When Is Debt Dangerous?

Generally speaking, debt only becomes a real problem when a company can't easily pay it off, either by raising capital or with its own cash flow. Ultimately, if the company can't fulfill its legal obligations to repay debt, shareholders could walk away with nothing. However, a more usual (but still expensive) situation is where a company must dilute shareholders at a cheap share price simply to get debt under control. Of course, plenty of companies use debt to fund growth, without any negative consequences. The first step when considering a company's debt levels is to consider its cash and debt together.

How Much Debt Does Mangalam Organics Carry?

As you can see below, at the end of September 2024, Mangalam Organics had ₹2.67b of debt, up from ₹1.89b a year ago. Click the image for more detail. And it doesn't have much cash, so its net debt is about the same.

debt-equity-history-analysis
NSEI:MANORG Debt to Equity History March 28th 2025

A Look At Mangalam Organics' Liabilities

The latest balance sheet data shows that Mangalam Organics had liabilities of ₹2.98b due within a year, and liabilities of ₹210.0m falling due after that. Offsetting these obligations, it had cash of ₹14.9m as well as receivables valued at ₹790.7m due within 12 months. So its liabilities outweigh the sum of its cash and (near-term) receivables by ₹2.39b.

This is a mountain of leverage relative to its market capitalization of ₹3.27b. This suggests shareholders would be heavily diluted if the company needed to shore up its balance sheet in a hurry.

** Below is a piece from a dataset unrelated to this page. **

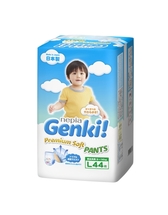 542942 "Nepia Genki Premium Soft" Детские подгузники-трусики (для мальч. и дев.) 9-14 кг (L44), 1/3
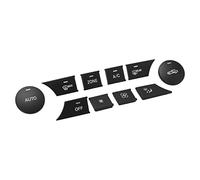 KIMISS Bouton de Climatisation de Remplacement pour Réglage du Volume d'air pour W204 CLS 2011-2017, Finition Mate, Installation Facile, Accessoires de Voiture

View our latest analysis for Mangalam Organics

We measure a company's debt load relative to its earnings power by looking at its net debt divided by its earnings before interest, tax, depreciation, and amortization (EBITDA) and by calculating how easily its earnings before interest and tax (EBIT) cover its interest expense (interest cover). This way, we consider both the absolute quantum of the debt, as well as the interest rates paid on it.

Weak interest cover of 1.7 times and a disturbingly high net debt to EBITDA ratio of 5.3 hit our confidence in Mangalam Organics like a one-two punch to the gut. This means we'd consider it to have a heavy debt load. Looking on the bright side, Mangalam Organics boosted its EBIT by a silky 40% in the last year. Like the milk of human kindness that sort of growth increases resilience, making the company more capable of managing debt. There's no doubt that we learn most about debt from the balance sheet. But it is Mangalam Organics's earnings that will influence how the balance sheet holds up in the future. So if you're keen to discover more about its earnings, it might be worth checking out this graph of its long term earnings trend.

Finally, a business needs free cash flow to pay off debt; accounting profits just don't cut it. So we clearly need to look at whether that EBIT is leading to corresponding free cash flow. Over the last two years, Mangalam Organics saw substantial negative free cash flow, in total. While that may be a result of expenditure for growth, it does make the debt far more risky.

Our View

On the face of it, Mangalam Organics's interest cover left us tentative about the stock, and its conversion of EBIT to free cash flow was no more enticing than the one empty restaurant on the busiest night of the year. But at least it's pretty decent at growing its EBIT; that's encouraging. Looking at the bigger picture, it seems clear to us that Mangalam Organics's use of debt is creating risks for the company. If all goes well, that should boost returns, but on the flip side, the risk of permanent capital loss is elevated by the debt. When analysing debt levels, the balance sheet is the obvious place to start. However, not all investment risk resides within the balance sheet - far from it. For example, we've discovered 3 warning signs for Mangalam Organics (2 are a bit unpleasant!) that you should be aware of before investing here.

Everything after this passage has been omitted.